[Stored items]
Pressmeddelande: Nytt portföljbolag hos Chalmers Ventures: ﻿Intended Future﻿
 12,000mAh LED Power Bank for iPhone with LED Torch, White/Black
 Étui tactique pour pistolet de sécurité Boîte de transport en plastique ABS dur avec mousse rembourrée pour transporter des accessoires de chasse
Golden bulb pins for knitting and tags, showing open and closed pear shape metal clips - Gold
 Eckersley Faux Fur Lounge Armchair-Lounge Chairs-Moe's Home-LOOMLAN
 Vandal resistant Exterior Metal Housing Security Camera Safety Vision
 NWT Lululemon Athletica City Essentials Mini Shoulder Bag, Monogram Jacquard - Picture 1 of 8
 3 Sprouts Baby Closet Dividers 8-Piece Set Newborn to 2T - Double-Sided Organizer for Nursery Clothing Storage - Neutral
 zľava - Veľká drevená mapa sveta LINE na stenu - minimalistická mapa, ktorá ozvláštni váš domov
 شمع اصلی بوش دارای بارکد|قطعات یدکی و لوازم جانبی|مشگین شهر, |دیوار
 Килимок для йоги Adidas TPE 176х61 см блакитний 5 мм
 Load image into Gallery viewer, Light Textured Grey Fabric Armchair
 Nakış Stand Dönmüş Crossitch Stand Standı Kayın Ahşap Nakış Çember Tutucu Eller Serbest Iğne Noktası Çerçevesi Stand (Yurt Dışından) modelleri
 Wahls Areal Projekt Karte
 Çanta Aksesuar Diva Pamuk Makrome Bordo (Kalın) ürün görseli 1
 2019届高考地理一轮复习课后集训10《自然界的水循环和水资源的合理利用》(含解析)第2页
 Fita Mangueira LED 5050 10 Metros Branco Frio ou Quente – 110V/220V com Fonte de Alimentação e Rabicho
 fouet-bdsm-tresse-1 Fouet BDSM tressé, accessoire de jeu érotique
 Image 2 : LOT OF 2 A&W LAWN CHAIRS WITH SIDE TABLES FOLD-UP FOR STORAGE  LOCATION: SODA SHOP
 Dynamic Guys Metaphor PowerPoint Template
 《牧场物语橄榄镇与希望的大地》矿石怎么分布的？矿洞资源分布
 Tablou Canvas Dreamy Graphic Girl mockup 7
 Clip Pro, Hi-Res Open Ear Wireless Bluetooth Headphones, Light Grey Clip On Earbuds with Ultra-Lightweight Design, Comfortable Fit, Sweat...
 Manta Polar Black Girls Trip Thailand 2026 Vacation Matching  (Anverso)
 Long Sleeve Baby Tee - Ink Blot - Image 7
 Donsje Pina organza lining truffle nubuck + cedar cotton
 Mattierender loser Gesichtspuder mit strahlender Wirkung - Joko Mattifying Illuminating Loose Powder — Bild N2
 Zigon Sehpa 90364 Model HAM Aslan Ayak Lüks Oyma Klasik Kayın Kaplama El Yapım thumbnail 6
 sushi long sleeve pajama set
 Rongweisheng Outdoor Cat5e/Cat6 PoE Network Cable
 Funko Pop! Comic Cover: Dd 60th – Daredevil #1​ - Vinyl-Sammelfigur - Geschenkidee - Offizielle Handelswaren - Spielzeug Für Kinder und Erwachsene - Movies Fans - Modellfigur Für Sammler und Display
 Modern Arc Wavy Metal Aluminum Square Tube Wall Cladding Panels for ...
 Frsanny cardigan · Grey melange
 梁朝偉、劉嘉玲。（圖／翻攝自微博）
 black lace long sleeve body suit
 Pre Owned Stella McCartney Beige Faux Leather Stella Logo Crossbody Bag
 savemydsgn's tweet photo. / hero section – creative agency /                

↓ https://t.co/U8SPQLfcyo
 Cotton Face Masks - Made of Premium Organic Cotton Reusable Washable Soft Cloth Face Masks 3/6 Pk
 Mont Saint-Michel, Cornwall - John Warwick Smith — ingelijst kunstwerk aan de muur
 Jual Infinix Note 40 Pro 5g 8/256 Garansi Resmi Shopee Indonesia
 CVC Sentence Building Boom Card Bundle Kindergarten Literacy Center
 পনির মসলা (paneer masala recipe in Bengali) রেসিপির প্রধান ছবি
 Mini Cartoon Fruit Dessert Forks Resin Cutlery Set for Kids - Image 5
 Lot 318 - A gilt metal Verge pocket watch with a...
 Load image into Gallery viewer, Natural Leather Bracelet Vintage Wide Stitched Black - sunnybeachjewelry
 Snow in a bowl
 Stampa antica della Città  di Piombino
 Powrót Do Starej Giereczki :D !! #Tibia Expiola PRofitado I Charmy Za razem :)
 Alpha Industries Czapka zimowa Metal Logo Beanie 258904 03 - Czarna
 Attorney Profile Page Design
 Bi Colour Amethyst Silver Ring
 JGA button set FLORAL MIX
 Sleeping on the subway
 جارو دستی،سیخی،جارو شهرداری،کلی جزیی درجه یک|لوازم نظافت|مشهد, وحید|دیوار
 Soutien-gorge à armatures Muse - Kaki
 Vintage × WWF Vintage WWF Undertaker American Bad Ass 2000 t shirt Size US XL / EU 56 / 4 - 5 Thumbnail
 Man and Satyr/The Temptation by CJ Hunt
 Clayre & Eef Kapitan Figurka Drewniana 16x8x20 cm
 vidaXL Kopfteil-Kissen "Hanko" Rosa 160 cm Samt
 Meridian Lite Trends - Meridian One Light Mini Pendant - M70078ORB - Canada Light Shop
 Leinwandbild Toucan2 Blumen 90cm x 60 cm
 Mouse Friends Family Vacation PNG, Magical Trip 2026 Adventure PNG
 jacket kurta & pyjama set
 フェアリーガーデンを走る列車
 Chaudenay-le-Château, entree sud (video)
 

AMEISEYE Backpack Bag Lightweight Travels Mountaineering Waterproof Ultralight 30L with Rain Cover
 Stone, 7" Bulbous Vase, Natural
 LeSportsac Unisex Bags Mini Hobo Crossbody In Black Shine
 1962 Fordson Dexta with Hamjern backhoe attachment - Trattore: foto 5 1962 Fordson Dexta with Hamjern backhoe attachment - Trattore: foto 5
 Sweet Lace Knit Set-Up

◆ **What is expected**:
What is needed is an exact copy of the lines from the one containing "Vintage × WWF" through the last line of the records above, both included.

◆ **Task answer**:
 Vintage × WWF Vintage WWF Undertaker American Bad Ass 2000 t shirt Size US XL / EU 56 / 4 - 5 Thumbnail
 Man and Satyr/The Temptation by CJ Hunt
 Clayre & Eef Kapitan Figurka Drewniana 16x8x20 cm
 vidaXL Kopfteil-Kissen "Hanko" Rosa 160 cm Samt
 Meridian Lite Trends - Meridian One Light Mini Pendant - M70078ORB - Canada Light Shop
 Leinwandbild Toucan2 Blumen 90cm x 60 cm
 Mouse Friends Family Vacation PNG, Magical Trip 2026 Adventure PNG
 jacket kurta & pyjama set
 フェアリーガーデンを走る列車
 Chaudenay-le-Château, entree sud (video)
 

AMEISEYE Backpack Bag Lightweight Travels Mountaineering Waterproof Ultralight 30L with Rain Cover
 Stone, 7" Bulbous Vase, Natural
 LeSportsac Unisex Bags Mini Hobo Crossbody In Black Shine
 1962 Fordson Dexta with Hamjern backhoe attachment - Trattore: foto 5 1962 Fordson Dexta with Hamjern backhoe attachment - Trattore: foto 5
 Sweet Lace Knit Set-Up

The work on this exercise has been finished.